------ Data for processing
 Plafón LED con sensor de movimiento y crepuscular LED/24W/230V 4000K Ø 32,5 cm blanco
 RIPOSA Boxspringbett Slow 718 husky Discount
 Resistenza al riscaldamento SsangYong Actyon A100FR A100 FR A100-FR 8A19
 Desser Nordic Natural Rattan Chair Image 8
------------
------ Data for processing
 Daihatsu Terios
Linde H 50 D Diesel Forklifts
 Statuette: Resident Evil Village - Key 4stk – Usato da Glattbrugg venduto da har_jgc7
------------
------ Data for processing
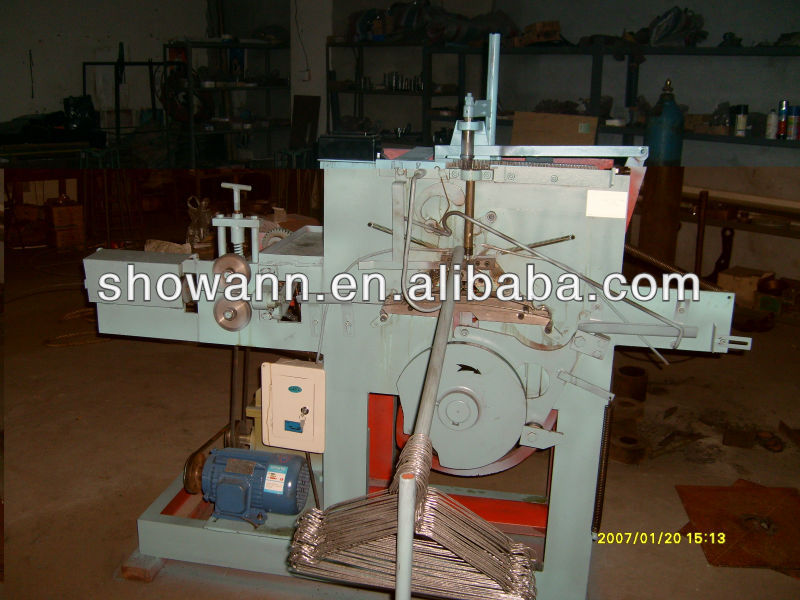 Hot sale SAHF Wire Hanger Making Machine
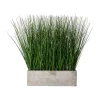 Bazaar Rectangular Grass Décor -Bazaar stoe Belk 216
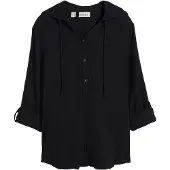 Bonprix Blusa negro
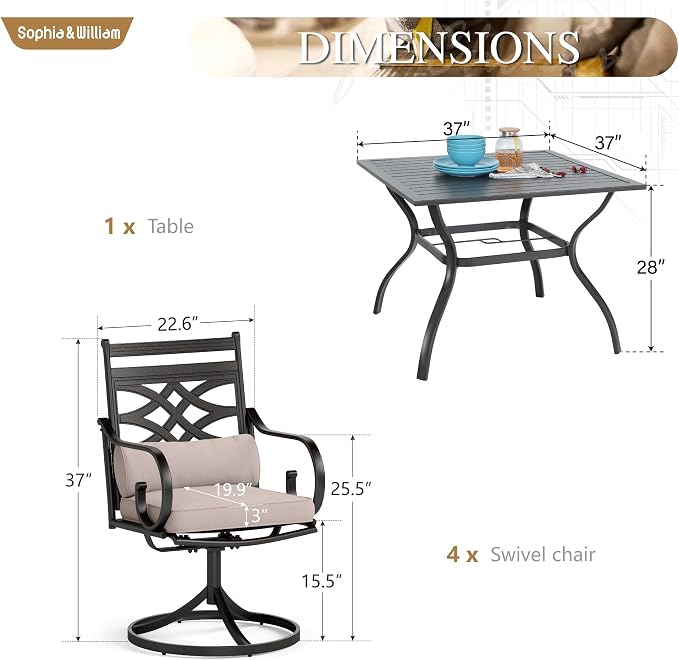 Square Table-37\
------------
What to work on: Each line in the entries above, starting at the line with "Linde H 50 D Diesel Forklifts" and ending at the line with "Statuette: Resident Evil", is to be printed exactly, and only those lines.

Solution for this exercise:
Linde H 50 D Diesel Forklifts
 Statuette: Resident Evil Village - Key 4stk – Usato da Glattbrugg venduto da har_jgc7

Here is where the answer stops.